To provide a full and proper appraisal of Sam Konstas’ first two Test matches for Australia, it’s worth going back and remembering why he was picked in the first place.
“We wanted to throw a new challenge at India,” said coach Andrew McDonald about the decision to replace Nathan McSweeney with Konstas for the Boxing Day Test in Melbourne.
“What he’s shown is an array of shots and an ability to put pressure back on his opponents. Whether it works or not, time will tell.”
Time has told. It worked.
If McSweeney was a little too timid in his first three Tests against India, then Konstas, the 19-year-old tyro from Sydney’s south, went the other way. And that is surely what he was asked to do: put pressure back on Australia’s opponents and create space for runs to be made.
History will record that Konstas played a vital hand in ensuring the Border-Gavaskar Trophy was won by Australia for the first time in a decade. His convention-dismantling 60 on debut at the MCG changed the course of the series. He got into India’s heads. He unsettled Jasprit Bumrah, their most lethal bowling weapon. He rattled Virat Kohli so much he embarrassed himself.

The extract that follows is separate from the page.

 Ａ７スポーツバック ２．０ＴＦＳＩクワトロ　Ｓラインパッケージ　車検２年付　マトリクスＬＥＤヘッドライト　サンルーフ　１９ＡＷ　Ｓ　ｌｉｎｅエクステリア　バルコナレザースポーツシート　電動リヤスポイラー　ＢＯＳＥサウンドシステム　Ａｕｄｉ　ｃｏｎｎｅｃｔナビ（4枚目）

In Sydney, Konstas continued to fulfil the role required of him. In the second innings, with Bumrah unable to bowl due to injury, he helped Australia get off to a rapid start. In hindsight, he set the tone for the victory mission wonderfully well. When Mohammed Siraj bowled five wides with the third ball of an innings in which his team was trying to defend a target of 162, Konstas correctly read the situation, sensed their psychological frailty and started swinging for the fences to take full advantage – again, something he was no doubt asked to do.
Once he’d done the early damage, the opportunity was there for Konstas to lock in and build. Yes, he got a little too excited with the shot that cost him his wicket. But for a 19-year-old playing in just his second Test, in his home city, in front of friends and family, a few days after rocketing to international fame, as a series win over India beckoned … is that not maybe just a little bit understandable?
You’d think so, but some of the reactions to Konstas-mania have been patently absurd, reflecting once again how a worryingly large chunk of Australian sport doesn’t know how to act when they see something that challenges their delicate sensibilities. It has further exposed a sort of generational divide between younger fans fascinated by self-assured mould-breakers like Konstas, and risk-averse old-school types who see him as a reflection of everything that’s wrong with the modern world.
It doesn’t matter that most clued-up cricketing observers have pointed out the fact Konstas is usually much more circumspect with the bat. The moment he played his first ramp shot on Boxing Day, the narrative arc was set. Media, both social and traditional, is littered with people writing him off, rubbishing his credentials as a Test batsman and proclaiming he never will be unless he curbs his enthusiasm and starts respecting the game. That he is somehow lost and needs to find himself. That the way he bats points to some kind of personality flaw. That he has an ego, is arrogant, a problem child.
Nobody even knows what was actually said between Konstas and Kohli (or Bumrah), but many have assumed the worst and formed views accordingly. Already. About a guy they’d probably not even heard of a few months ago, and have heard speak publicly maybe a handful of times.
Some of this is to be expected. After all, Test cricket is hardly known for progressivism – and that very much applies here in Australia, the land of the tall poppy. A kid with a Greek surname in the team is unusual enough. But one who wears green Adidas Sambas to functions at Kirribilli House, death-stares Kohli, mouths off at Bumrah, and then hams it up for the crowd after going the slog? On debut?
We call ourselves a nation of larrikins. We say we want authenticity. We think we want different. But when presented with an athlete who doesn’t conform to the usual parameters, who dares to express themselves – and there are many such cases – we immediately seek to change them, to shove them into a box. We love them when they’re winning, then we tut-tut when they fail. We can’t accept them as they are, flaws and all; they must be perfect.
You can follow sport and barrack whichever way you want, but I find it’s much easier, fairer and better to just chill out and let things happen, rather than rushing straight to judgment. Sit back and enjoy the show sometimes instead of skipping ahead and predicting how it will end. Let youngsters make mistakes and give them the chance to learn from them, instead of getting angry, jumping on their backs and talking down to them.
Konstas has made a good start to his Test career, all things considered. We will see more sides to his game. He will improve. He will mature. Of course he bloody will. He’s 19! That’s how it works. Give him a break, and it might even happen quicker.
As Pat Cummins said after stumps on Sunday, it’s not illegal to puff your chest out and play a few cricket shots – but when faced with a teenager who does exactly those things, and in a way that suggests he is confident about who he is and what he brings, the reflex is to put him back in his place.
He was talking mainly about India, but Aussies are as guilty of this as anyone.